Problem description :: Exactly the lines from the opening of the records through the line containing "Puckator Pandarama Panda" should be copied, with both included.

Exercise data ::

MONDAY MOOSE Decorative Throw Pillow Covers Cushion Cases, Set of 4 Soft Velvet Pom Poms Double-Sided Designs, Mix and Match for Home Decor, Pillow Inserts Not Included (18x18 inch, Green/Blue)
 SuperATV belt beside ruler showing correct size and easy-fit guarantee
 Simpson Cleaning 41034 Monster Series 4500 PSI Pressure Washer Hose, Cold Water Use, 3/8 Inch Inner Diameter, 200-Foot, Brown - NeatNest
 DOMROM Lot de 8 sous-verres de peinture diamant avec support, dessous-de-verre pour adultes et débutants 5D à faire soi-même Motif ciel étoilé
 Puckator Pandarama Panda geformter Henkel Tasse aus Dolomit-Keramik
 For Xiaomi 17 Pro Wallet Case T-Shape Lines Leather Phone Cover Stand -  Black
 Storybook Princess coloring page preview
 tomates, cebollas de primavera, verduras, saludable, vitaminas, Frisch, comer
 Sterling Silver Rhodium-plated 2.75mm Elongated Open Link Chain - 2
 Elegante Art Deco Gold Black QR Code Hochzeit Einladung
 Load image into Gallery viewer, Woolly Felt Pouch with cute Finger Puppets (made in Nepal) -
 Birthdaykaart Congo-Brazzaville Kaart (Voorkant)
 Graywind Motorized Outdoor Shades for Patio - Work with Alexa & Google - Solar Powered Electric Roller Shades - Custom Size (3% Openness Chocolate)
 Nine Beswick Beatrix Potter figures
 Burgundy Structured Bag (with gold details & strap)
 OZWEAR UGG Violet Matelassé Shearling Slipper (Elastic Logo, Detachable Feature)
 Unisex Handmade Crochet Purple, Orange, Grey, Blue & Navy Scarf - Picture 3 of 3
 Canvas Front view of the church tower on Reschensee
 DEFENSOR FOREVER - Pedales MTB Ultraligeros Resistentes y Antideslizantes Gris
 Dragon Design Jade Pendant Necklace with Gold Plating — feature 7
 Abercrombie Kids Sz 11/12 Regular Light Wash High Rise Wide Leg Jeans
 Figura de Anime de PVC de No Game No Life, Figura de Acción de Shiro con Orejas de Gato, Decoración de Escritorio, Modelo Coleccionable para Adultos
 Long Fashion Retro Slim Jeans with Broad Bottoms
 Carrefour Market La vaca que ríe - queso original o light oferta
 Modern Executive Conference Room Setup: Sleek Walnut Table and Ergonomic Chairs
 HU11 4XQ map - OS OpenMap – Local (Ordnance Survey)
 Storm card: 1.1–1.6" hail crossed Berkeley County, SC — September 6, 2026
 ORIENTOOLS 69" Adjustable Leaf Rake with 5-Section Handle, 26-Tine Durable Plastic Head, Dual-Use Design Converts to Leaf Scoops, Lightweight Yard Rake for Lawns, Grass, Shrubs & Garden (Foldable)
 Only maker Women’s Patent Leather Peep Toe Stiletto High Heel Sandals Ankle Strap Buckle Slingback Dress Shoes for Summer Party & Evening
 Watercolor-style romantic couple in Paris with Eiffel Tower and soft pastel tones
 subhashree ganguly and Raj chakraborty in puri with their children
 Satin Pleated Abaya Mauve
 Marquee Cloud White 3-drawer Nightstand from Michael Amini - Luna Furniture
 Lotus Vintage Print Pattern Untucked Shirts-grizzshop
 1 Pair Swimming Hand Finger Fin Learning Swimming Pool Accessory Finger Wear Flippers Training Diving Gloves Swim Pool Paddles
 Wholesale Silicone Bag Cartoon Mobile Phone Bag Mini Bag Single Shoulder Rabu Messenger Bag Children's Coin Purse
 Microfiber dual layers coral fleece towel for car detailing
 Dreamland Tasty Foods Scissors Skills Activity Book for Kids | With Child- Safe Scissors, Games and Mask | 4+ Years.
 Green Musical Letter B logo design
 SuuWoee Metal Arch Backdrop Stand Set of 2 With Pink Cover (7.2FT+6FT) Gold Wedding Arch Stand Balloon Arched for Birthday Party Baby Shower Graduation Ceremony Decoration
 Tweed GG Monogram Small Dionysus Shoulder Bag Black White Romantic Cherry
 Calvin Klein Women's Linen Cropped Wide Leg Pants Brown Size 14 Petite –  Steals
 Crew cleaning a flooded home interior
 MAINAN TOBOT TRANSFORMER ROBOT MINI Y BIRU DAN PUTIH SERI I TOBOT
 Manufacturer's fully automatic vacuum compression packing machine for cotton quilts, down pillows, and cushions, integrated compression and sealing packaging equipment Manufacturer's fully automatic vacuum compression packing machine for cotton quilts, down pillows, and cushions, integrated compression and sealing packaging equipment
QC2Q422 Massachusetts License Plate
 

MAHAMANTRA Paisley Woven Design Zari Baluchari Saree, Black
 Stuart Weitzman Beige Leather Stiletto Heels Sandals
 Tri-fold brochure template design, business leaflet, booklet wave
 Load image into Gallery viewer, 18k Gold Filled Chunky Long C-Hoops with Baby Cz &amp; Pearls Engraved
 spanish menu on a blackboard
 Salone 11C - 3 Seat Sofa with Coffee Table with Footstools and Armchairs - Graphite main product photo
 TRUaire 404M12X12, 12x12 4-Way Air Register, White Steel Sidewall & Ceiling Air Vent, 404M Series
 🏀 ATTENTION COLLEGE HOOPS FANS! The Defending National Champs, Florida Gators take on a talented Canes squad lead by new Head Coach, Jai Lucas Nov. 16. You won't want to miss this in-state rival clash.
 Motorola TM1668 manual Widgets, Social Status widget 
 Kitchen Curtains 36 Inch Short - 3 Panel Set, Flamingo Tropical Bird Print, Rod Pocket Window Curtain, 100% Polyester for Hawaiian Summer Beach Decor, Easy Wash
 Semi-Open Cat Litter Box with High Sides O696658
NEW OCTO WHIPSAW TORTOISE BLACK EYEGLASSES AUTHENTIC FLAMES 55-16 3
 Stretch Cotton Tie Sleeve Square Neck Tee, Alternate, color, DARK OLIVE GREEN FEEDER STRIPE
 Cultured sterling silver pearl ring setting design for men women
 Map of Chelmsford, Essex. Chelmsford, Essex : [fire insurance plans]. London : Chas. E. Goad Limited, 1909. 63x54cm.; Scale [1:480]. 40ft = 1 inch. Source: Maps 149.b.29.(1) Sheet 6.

Final answer ::
MONDAY MOOSE Decorative Throw Pillow Covers Cushion Cases, Set of 4 Soft Velvet Pom Poms Double-Sided Designs, Mix and Match for Home Decor, Pillow Inserts Not Included (18x18 inch, Green/Blue)
 SuperATV belt beside ruler showing correct size and easy-fit guarantee
 Simpson Cleaning 41034 Monster Series 4500 PSI Pressure Washer Hose, Cold Water Use, 3/8 Inch Inner Diameter, 200-Foot, Brown - NeatNest
 DOMROM Lot de 8 sous-verres de peinture diamant avec support, dessous-de-verre pour adultes et débutants 5D à faire soi-même Motif ciel étoilé
 Puckator Pandarama Panda geformter Henkel Tasse aus Dolomit-Keramik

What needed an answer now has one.